Tiger Wood's Trap: The Quest for Privacy

Bill YatesContributor IFebruary 19, 2010

WINDERMERE, FL - FEBRUARY 18:  Tiger Woods practices golf outside his home on February 18, 2010 in Windermere, Florida. Woods will make a statement at the PGA Tour headquarters this Friday morning (February 19, 2010), according to a notice on the PGA Tour's web site.  (Photo by Sam Greenwood/Getty Images)
Sam Greenwood/Getty Images


Tiger Woods' statement provided many of the elements needed for rehabilitation from his behavioral problem. It included a sincere sense of remorse, acceptance of personal blame, request for forgiveness, professional help for his problems and the vow to attempt to do better. All of these factors would seem to indicate he has made progress and would be optimistic signs of recovery.

One issue stood out to me as a potential warning sign: his continued quest for privacy.

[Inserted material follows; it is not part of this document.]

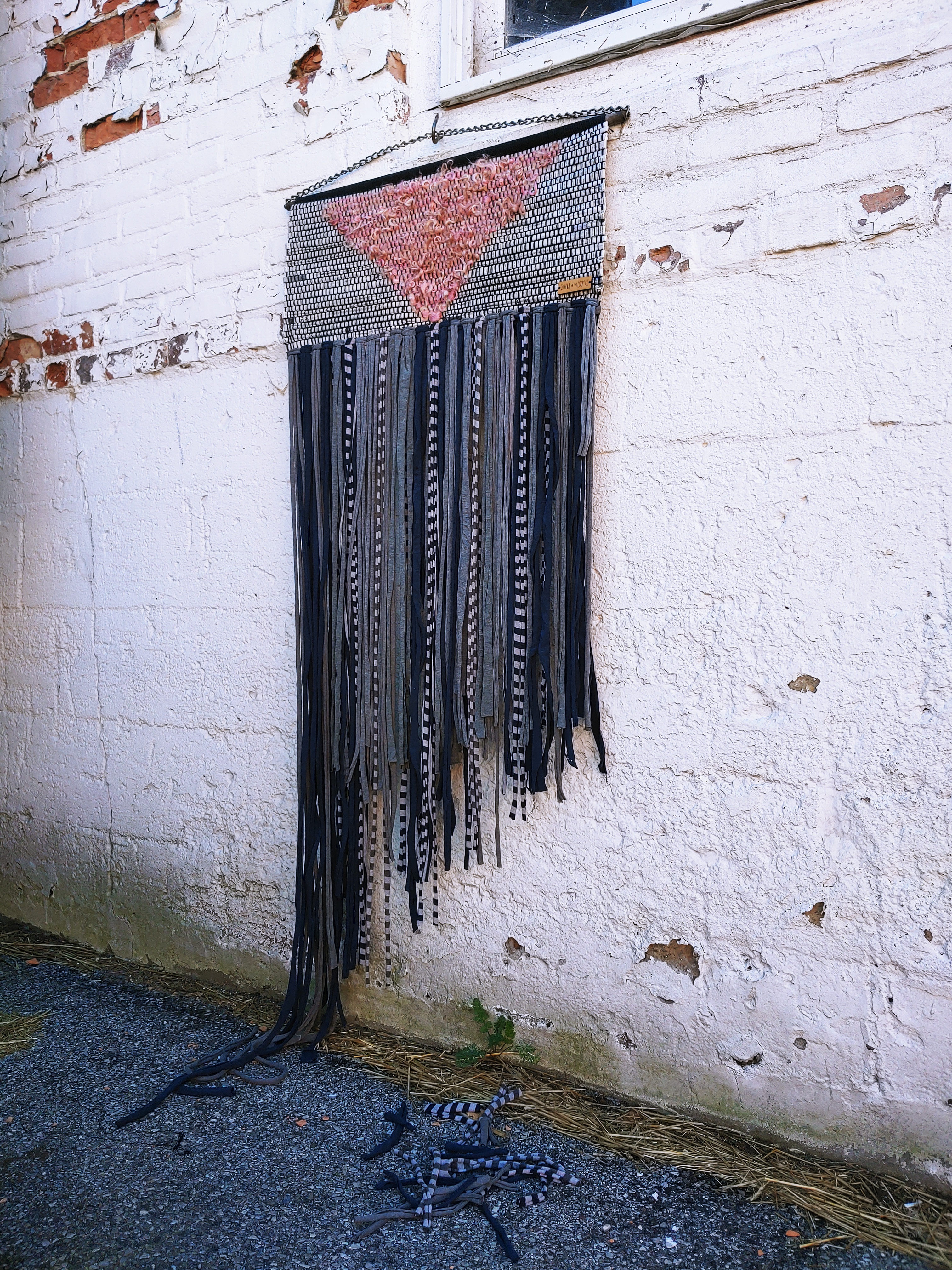 Silence=Death woven tapestry, materials: newspaper, pink fleece locks, salvaged selvedge, wood, chain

He admitted in his statement that he made the mistake of feeling entitled to many of the temptations he pursued. I wonder if he still has a unrealistic sense of entitlement to privacy.

Obviously, the privacy issue provokes feelings of anger as demonstrated in his statement. He displayed anger at the inaccurate portrayal of his wife Elin being physically aggressive and at press reports that identified the school his two-and-a-half year-old daughter attends.

An undercurrent of anger must also be boiling at the press for their role in discovering his infidelity, failing to keep it private, and making the whole issue a worldwide phenomenon. This media explosion must be deeply embarrassing for Tiger and he must still harbor resentment towards the press for contributing to the pain he has experienced.

Tiger emphasized the personal nature of what he was going through and asked that his privacy be respected. This seems on the surface to reasonable.

However, his request is unlikely to influence media coverage of his return to golf.  The media circus will continue and based on Tiger's privacy expectation, it will produce more feelings of anger.

I'm not sure Tiger's problem is an addiction problem but painful emotional states are common precipitants of relapse in addictive disorders. Tiger may be setting himself up for a higher risk of relapse by holding unrealistic expectations of privacy. The press is setting a trap for Tiger deeper than the pot bunkers at St. Andrews.

That trap is anger and the effect of anger on his future behavior.

Tiger might be better off paying less attention to his press coverage. He will need all his energy to focus on elements in his control. Tiger could benefit by accepting limits to his privacy and avoiding the trap of anger at the media.